MAKAMBU TOLOBAKI LOBI, MONOKO NA BISO NGANGA.

La diplomatie agissante de tshisekedi n’a pas réussi à harmoniser une convergence de vue entre l’EAC et la SADC.

Les États n’ont pas des amis, que d’intérêts dit-on toujours, Après s’être retourné de l’EAC suite à leur implication dans le renforcement des M23, Tshisekedi a joué la carte SADC dans l’optique d’un nettoyage des M23 de la partie Est du Sol Congolais qu’ils occupent, mais fort malheureusement les choses ne se passent pas comme prévues dans sa diplomatie dite agissante, en réalité l’entrée des Troupes de la SADC à l’EST de la RDC avec à la tête les contingents sud-africains n’a pas plus trouvé utile de mourir pour une une cause dont le demandeur d’aide n’a aucune volonté elle-même de s’aider ni d’unir les États.

Pourquoi faire tuer des vies pendant que nous sommes contraint de vivre ensemble et en harmonie ? Demande un chef d’État de l’EAC au président Sud Africain après la mort des ses contingents à l’Est de la RDC, rajoute t-il Tshisekedi veut nous diviser et nous opposer État contre État, organisation contre organisation, EAC contre SADC pendant qu’on a tous des intérêts vitaux communs reconnus dans la charte de l’Union Africaine…
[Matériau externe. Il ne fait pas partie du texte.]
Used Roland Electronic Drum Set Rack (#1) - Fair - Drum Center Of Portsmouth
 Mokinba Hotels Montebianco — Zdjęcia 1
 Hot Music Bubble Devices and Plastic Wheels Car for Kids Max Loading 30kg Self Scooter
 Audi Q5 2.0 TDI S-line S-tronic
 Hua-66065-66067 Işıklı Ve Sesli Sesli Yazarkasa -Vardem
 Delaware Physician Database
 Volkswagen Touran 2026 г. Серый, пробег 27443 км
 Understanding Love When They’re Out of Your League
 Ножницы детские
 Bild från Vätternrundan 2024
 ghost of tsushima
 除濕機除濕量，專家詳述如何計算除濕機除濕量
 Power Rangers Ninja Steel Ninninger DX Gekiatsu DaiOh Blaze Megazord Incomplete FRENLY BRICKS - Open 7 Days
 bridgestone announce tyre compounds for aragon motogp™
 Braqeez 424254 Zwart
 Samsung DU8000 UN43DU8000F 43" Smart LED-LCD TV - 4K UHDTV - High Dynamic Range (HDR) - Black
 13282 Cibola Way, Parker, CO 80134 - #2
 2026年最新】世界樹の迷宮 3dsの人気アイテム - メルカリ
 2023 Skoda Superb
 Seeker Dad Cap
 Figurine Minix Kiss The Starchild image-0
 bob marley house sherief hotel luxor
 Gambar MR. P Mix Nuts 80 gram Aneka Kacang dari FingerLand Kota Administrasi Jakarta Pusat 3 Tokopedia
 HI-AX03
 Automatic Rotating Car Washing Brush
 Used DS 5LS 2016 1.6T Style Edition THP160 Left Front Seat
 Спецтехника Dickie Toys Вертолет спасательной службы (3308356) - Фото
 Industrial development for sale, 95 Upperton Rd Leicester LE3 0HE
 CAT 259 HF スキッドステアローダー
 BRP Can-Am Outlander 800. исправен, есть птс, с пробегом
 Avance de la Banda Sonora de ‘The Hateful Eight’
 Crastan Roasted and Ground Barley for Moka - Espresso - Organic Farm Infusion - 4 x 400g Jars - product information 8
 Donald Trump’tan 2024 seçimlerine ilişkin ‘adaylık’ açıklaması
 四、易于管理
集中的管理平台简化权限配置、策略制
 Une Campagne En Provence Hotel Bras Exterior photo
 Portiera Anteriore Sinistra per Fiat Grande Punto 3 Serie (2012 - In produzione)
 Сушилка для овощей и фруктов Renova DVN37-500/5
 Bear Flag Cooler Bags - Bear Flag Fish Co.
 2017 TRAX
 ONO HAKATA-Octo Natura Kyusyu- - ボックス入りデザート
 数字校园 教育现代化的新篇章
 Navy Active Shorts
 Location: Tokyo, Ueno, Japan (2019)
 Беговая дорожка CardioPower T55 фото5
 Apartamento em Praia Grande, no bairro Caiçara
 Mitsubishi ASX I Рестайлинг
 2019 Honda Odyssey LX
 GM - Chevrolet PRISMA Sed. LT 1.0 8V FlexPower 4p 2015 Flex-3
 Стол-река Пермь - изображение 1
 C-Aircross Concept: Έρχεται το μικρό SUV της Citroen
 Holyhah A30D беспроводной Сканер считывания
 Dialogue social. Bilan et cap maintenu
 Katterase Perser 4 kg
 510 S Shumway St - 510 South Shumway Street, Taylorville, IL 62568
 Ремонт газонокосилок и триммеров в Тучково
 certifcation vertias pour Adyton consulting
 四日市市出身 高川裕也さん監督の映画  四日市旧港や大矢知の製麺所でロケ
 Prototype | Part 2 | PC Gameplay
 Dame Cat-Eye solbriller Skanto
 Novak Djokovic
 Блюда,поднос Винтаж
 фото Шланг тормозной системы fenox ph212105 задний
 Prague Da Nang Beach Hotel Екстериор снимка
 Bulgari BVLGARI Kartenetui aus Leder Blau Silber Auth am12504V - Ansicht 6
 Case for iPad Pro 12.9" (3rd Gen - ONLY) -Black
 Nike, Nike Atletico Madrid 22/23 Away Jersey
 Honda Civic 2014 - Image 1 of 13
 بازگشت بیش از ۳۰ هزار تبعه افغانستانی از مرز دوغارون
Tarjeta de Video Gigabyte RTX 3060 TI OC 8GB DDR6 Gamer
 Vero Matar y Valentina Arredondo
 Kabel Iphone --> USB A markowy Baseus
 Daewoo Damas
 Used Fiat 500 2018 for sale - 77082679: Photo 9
Une discussion houleuse entre certains chef d’État de l’EAC et de la SADC qui a fini par cette convergence de rehausser tous leur présence à Kigali a la commémoration du génocide Rwandais dans laquelle une invitation expresse a été envoyé à Tshisekedi pour parler en toute franchise et discrétion. Chose que le media belge RTBF a failli flashé dans son information insistant sur la réconciliation entre la RDC et le Rwanda qui était un centre d’intérêt pour les Chefs d’État de l’EAC comme de la SADC, avant que suite à une fuite d’information dû à la pression de l’opinion congolaise de savoir où se trouvait exactement leur président Tshisekedi, l’ambassade de Belgique après pression de la présidence RD congolaise a immédiatement obligé Bruxelles de rectifier sa fuite d’information pour laquelle la Belgique aussi soutenait la demarche et était représentée à Kigali.

A Kigali, les chefs d’État ont délégué le président Sud Africain Cyril Ramaphosa en présence des représentants d’Europe, de dire clairement à Tshisekedi que sa diplomatie d’user de la SADC pour pacifier l’Est de la RDC, bien que courageuse n’allait pas résoudre la situation, mais plutôt devenait un affront entre l’EAC et la SADC contre l’unité nationale prônait pas l’UA, et n’allait que créer des frustrations entre les États.

La SADC n’estime plus nécessaire d’etre en mission offensive contre les rebelles du M23, la solution militaire n’étant plus efficace elle prone un dialogue directe entre Tshisekedi et les Rebelles.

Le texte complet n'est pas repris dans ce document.